Shopify is great, but it’s not the cheapest or technically soundest stock in the world
While I’m not against buying SHOP stock at under $210–215, I’d much rather be a buyer after the psychological resistance level is broken. Indeed, the stock isn’t all too cheap at today’s levels, going for just shy of 82 times trailing price-to-earnings (P/E). As such, I’d much rather get a bit of technical strength as well, even if it means paying 5% or so more for my ticket into Canada’s largest tech titan.
As much as I like the business and its AI momentum, I can’t say I’m in a rush to buy, especially given the potential for a drawdown if the ceiling of resistance can’t be passed. In the near term, there aren’t all too many catalysts to get excited about. Either way, I think there are other growth names that look more exciting at this juncture, especially as the TSX Index looks to keep outpacing the red-hot S&P 500 into the fourth and final quarter of 2025.
Constellation Software: A high-growth name that’s dragging
In short, I’m mildly bullish on Shopify this September. But when it comes to Constellation Software (TSX:CSU), I’d be closer to pounding the table, especially since shares are down close to 16% from their all-time highs. Indeed, the $92 billion software firm has sat out the outstanding bull run so far, and while a big acquisition is overdue, I wouldn’t start getting impatient with the name, especially since I believe management deserves credit for showing a bit of restraint at a time when valuations, especially in the tech scene, might be just a bit on the hot side. Either way, Constellation’s managers deserve the benefit of the doubt as they focus their efforts on investing in the growth engines the firm already has.

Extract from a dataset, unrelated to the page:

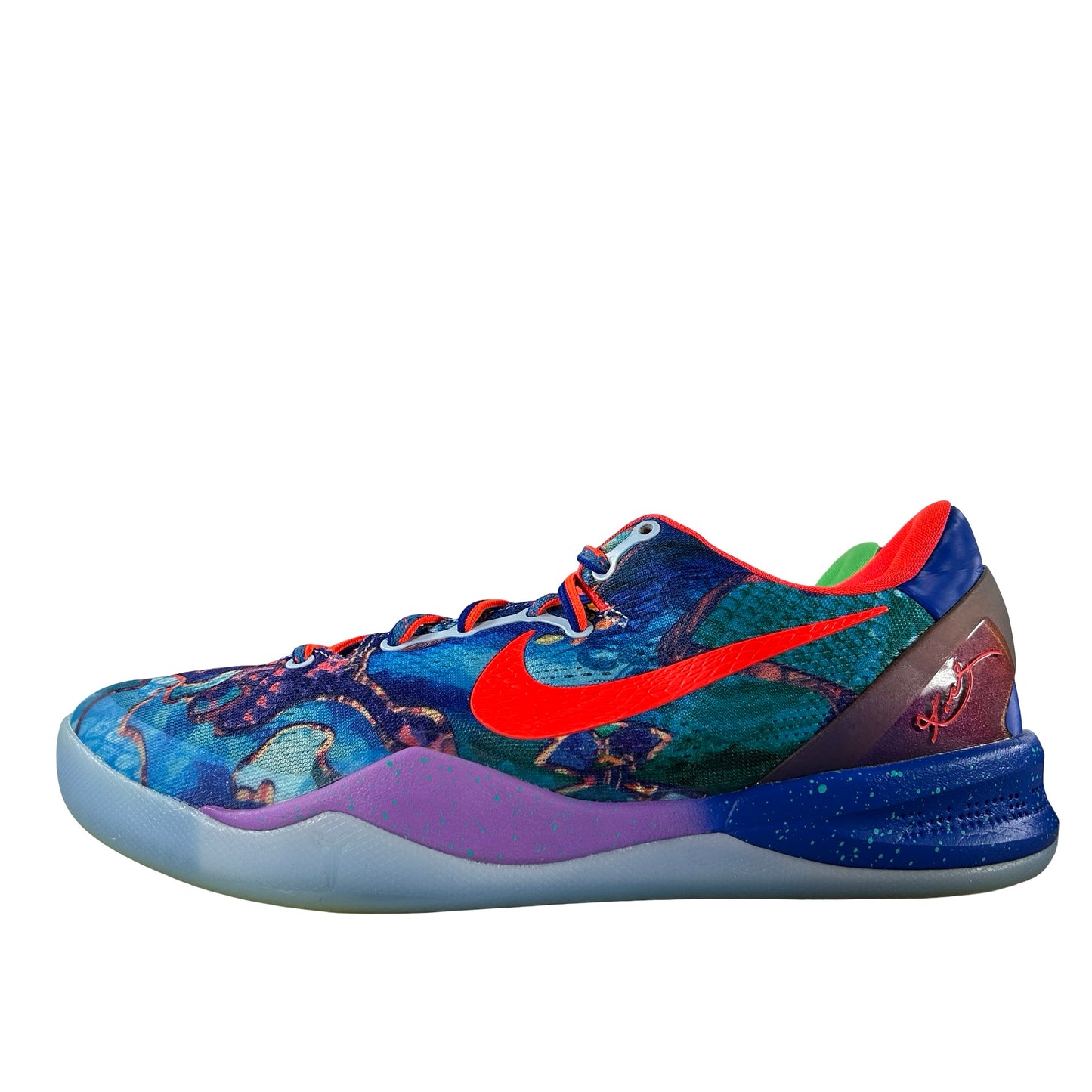HM9621 900 Nike Kobe 8 Protro What The (2025) [USED] - 10 M (Used6)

At the end of the day, Constellation is a proven long-term winner, and anytime it trails the market, it has proven to be a solid buying opportunity. Sure, CSU stock may not have too many upside catalysts on the horizon, but for those looking for more of a “growth at a reasonable price” kind of name, I’d definitely not shy away from shares at more than $4,300. My only gripe with the stock is that it’s too pricey for a single share. I think it’s time for a big split, perhaps a 40-to-1 one!